Samples for extracellular metabolite were obtained by rapid sampling of broth with immediate cooling to 0°C and fast filtration, using the cold steel-bead method and analyzed using high-performance liquid chromatography (HPLC) with a Bio-Rad Aminex column at a temperature of 60°C. The mobile phase was 5.0 mM phosphoric acid of which the flow rate was set to 0.6 mL/min.
Free intracellular amino acid analysis
The intracellular concentrations of Ala, Val, Leu, Ile, Thr, Asn, Asp, Met, Trp, His, Pro, Glu, Gln, Orn, Lys, Tyr and Phe were determined by GC-MS. Briefly, 100 μL of sample were transferred to a glass vial, 30 μL of 100 mg/mL NaCl were added and the mixture was lyophilized. 75 μL acetonitrile and 75 μL of N-methyl-N-(tert- butyldimethylsilyl)trifluoroacetamide (MTBSTFA, Thermo Scientific) were added and the vial was incubated for 1 h at 70°C. Subsequently, the sample was centrifuged (10,000 g, 2 min) and 60 μL of the supernatant were transferred to a GC glass vial with an insert. The sample was then analyzed by GC–MS instrument coupled to a 5975 C MSD single quadrupole mass spectrometer (Agilent, Santa Clara, CA, USA). Glycine levels were also measured in this analysis; however, the obtained results were not included as the values were found to be inconsistent. Quantification was based on isotope dilution mass spectrometry (IDMS). In total, 17 amino acids were analyzed plus Glycine.
In order to graphically visualize the obtained intracellular quantification together with the central carbon metabolism and amino acid biosynthetic pathways the VANTED software was used.

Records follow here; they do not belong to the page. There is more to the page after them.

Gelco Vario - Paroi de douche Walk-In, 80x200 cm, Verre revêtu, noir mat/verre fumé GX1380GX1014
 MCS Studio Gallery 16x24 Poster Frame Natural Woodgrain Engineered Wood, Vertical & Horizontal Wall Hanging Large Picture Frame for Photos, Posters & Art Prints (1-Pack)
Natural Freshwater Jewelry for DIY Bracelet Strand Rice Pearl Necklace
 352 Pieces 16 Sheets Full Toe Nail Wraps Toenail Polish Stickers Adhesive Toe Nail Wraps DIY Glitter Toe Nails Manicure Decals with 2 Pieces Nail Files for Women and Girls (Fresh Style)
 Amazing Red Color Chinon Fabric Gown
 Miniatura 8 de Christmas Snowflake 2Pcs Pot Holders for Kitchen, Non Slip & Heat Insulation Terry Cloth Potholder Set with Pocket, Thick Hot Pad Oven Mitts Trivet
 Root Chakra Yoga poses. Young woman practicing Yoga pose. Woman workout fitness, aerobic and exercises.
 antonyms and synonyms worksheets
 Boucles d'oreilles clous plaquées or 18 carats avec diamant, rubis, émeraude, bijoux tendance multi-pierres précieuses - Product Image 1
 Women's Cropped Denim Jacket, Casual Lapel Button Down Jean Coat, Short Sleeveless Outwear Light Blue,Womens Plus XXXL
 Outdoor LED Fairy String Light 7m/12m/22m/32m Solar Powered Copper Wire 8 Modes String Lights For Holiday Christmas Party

Antibody fragment quantification
Fab amounts in soluble cell extracts and in culture broths were performed by means of a sandwich ELISA assay as previously described.
Principal component analysis
Reference values for each amino acid pool level were calculated as mean of all measurements independently of the strain or oxygen availability. Afterwards, for each condition, the specific amino acid measurements were divided by the reference value to obtain a free scale value of its variation. These relative fold changes for each condition were illustrated through PCA using the xlstat plug-in software for Excel.
Determination of energy and degree of reduction for amino acid synthesis
The degree of reduction of each amino acid were calculated using the amino acid molecular formulas as explained elsewhere. Energy costs for the biosynthesis of each amino acid were taken from previously published data for S. cerevisiae growing under aerobic conditions as both yeast share equal amino acid biosynthetic pathways[7, 8, 11].
This work has been supported by the Spanish program on Chemical Process Technologies (project CTQ2010-15131) of the Spanish Ministry of Science and Innovation, the Generalitat de Catalunya (Contract Grant 2009-SGR-281 and Xarxa de Referència en Biotecnologia) and the Spanish Ministry scholarship TME2009-00591.